In Orthodoxy there is a concept known as autocephelousy. Unlike, for example, the Roman Catholic Church where there is an idea of a universal bishop, an earthly head of the whole Church on earth (which Orthodoxy totally rejects as wrong); Orthodoxy instead believes that all bishops are full equals. Certain bishops are afforded certain honors, based on historical respect toward the historic jurisdiction; these include the ancient patriarchates of the Church. In antiquity there were five notable seats which were of high esteem, these were: Rome, Constantinople, Alexandria, Antioch, and Jerusalem. The bishops of these seats were known as patriarchs. This position of honor was not a position of de facto authority, these were positions of honor not authority; however because of that honor the bishops who held these seats were often given deference in some cases. Before the East-West split, for example, the bishop of Rome was highly honored and respected, because historically bishops of Rome were great defenders of Christian orthodoxy against heresy. But, again, it was never a greater position of authority; it was always a position of honor, of respect.
Since bishops are all equal, with no bishop having authority over the whole Church; but each bishop of his diocese and with certain dioceses being historically honored, as Orthodoxy existed in other places--such as spreading among the Slavic peoples for example--new autocephalous (self-ruling) churches were established. This led to, for example, a Patriarch of Moscow. And so there is a Russian Orthodox Church (the Orthodox Church in Russia) and a Greek Orthodox Church (the Orthodox Church in Greece). It is Russian because it is in Russia with a Russian patriarch; or Greek because it is in Greece with a Greek patriarch, etc. Not two different Churches, but one and the same Church in different geographical locations.

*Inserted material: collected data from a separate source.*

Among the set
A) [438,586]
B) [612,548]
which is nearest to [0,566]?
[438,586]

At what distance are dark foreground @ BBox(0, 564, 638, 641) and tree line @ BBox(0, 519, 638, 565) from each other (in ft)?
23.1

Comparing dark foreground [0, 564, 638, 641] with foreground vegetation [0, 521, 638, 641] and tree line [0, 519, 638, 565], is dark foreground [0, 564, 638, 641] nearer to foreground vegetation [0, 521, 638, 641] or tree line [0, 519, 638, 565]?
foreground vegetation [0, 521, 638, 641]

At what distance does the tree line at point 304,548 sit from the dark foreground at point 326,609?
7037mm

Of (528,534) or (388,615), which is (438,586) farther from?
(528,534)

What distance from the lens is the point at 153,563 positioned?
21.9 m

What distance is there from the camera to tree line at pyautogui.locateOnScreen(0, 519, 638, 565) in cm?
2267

Not all Orthodox churches have been in continued communion, this is where the Chalcedon/non-Chalcedon split comes in. The Church in Egypt (the Coptic Orthodox Church) and the Church in Armenia (the Armenian Apostolic Church) are examples of non-Chalcedonian Orthodox Churches; while the Russian and Greek Orthodox are examples of Chalcedonian Orthodox Churches.

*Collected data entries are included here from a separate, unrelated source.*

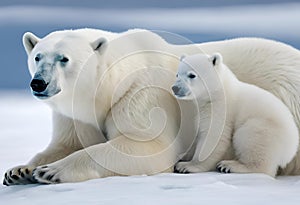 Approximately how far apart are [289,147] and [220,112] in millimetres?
492

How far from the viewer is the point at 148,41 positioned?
4.68m

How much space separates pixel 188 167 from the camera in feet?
13.9

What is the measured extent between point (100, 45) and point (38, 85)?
1.76 feet

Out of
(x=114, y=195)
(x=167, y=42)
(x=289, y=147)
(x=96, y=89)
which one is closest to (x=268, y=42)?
(x=167, y=42)

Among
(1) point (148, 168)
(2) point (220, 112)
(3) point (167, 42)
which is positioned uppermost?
(3) point (167, 42)

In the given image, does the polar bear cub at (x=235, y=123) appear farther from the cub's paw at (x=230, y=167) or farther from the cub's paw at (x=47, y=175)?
the cub's paw at (x=47, y=175)

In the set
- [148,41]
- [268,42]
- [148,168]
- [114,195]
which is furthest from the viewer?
[268,42]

That said, in modern times, this old schism between the Chalcedonian and non-Chalcedonian Orthodox Churches is waning. Lots of dialogue has largely shown that the old schism was never really a theological disagreement, but a difference in semantics. And so the day is probably going to come when communion is restored.

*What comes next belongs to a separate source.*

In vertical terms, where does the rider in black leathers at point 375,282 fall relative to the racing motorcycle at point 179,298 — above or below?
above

But, in brief, there is only one Orthodox Church; but there are various autocephelous or self-ruling churches which are in communion together as that one Orthodox Church. Because the unity of the Church is in the common Orthodox faith, in the equal brotherhood of her bishops together. There is no "top dog" in the Orthodox Church, because the Church only has one Head, and that's Jesus Himself. Every bishop, and thus every parish, every diocese, every patriarchate is a temporal jurisdiction of Christ's one and only Church throughout the whole world.